Erntedank fragt danach, was wirklich wichtig ist im Leben. Nach dem, was dich trägt und hält, auf was du vertraust, wofür du dankbar bist. Eine gute jüdische Tradition auf diese Frage zu antworten ist es, die biblische Geschichte vom Auszug aus Ägypten zu erzählen. Es ist eine Rettungsgeschichte.

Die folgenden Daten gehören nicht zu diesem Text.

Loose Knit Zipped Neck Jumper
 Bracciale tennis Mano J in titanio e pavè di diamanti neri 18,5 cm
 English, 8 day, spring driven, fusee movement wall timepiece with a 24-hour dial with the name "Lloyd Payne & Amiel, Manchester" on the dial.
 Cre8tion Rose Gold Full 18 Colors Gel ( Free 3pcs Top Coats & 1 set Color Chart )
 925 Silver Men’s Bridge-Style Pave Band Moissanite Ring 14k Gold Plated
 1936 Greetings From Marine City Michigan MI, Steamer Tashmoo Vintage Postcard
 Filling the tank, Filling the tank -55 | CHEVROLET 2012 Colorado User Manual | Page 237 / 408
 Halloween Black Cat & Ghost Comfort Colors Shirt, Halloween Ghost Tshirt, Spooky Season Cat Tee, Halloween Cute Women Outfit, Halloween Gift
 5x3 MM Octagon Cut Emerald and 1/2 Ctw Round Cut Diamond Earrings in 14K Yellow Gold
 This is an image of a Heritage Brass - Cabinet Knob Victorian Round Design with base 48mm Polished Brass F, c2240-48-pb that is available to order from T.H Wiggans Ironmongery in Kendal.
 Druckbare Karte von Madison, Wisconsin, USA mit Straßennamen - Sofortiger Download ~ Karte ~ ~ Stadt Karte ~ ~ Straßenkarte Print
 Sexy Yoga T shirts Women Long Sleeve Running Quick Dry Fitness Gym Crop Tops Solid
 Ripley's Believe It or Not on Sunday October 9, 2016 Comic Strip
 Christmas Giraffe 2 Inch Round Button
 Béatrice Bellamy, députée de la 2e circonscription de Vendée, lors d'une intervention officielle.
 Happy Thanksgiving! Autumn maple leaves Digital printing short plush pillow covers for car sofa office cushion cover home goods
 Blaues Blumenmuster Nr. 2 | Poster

Sie erzählt von harten Zeiten – und wie Gott den Israeliten immer wieder hilft. Gott schickt ihnen Manna und Wachteln. Und Wasser. Und er rettet sie vor ihren Feinden. Dennoch beschweren sich die Israeliten immer wieder über ihn zweifeln daran, ob Gott es wirklich gut mit ihnen meint.
So weit weg von uns sind sie damit nicht. Wie schnell wird auch bei uns nur das Negative gesehen. Selbst an Erntedank wird vor allem über die negativen Folgen des Klimawandels geredet, über Ernteprobleme und ob wir genug für Geflüchtete aus Kriegsländern haben.
«Haben wir genug?», fragen sich auch viele in ihrem Privatleben und denken und reden vor allem von Krisen. Erntedank ist aber ein Anlass davon zu erzählen, wofür ich danken kann. Davon, aus welchen Krisen ich schon gerettet wurde, wer alles zu mir gestanden hat und wieviel Gutes ich erlebt habe – und davon, dass dahinter vielleicht doch dieser manchmal schwer zu begreifende Gott steht. Das alles ist nicht selbstverständlich. Ich glaube fest: Auf Gott kann ich mich verlassen. Ihm meine Kinder und mich anvertrauen. Und mit ihm kann ich heute fröhlich feiern. Gott sei Dank!
Spenden für Not leidende Menschen
Nach christlichem Verständnis gehören Danken und Teilen zusammen. Deshalb wird an Erntedank an Hungerkatastrophen erinnert und für Not leidende Menschen gesammelt. Viele Gemeinden spenden ihre Kollekte an die Aktion «Brot für die Welt». Zudem verweisen die Christen auf die Bedrohung von Gottes Schöpfung.
Konfis backen Brot für die Welt
Auch 2025 lädt die Aktion «5.000 Brote - Konfis backen Brot für die Welt» wieder bundesweit zum Backen und zum Kennenlernen von Ausbildungsprojekten im Globalen Süden ein. Seit 2014 backen Konfi-Gruppen in ganz Deutschland mit ihrem lokalen Bäcker Brot zugunsten von Brot für die Welt. Mit den Spenden werden unterschiedliche Ausbildungsprojekte für Jugendliche unterstützt.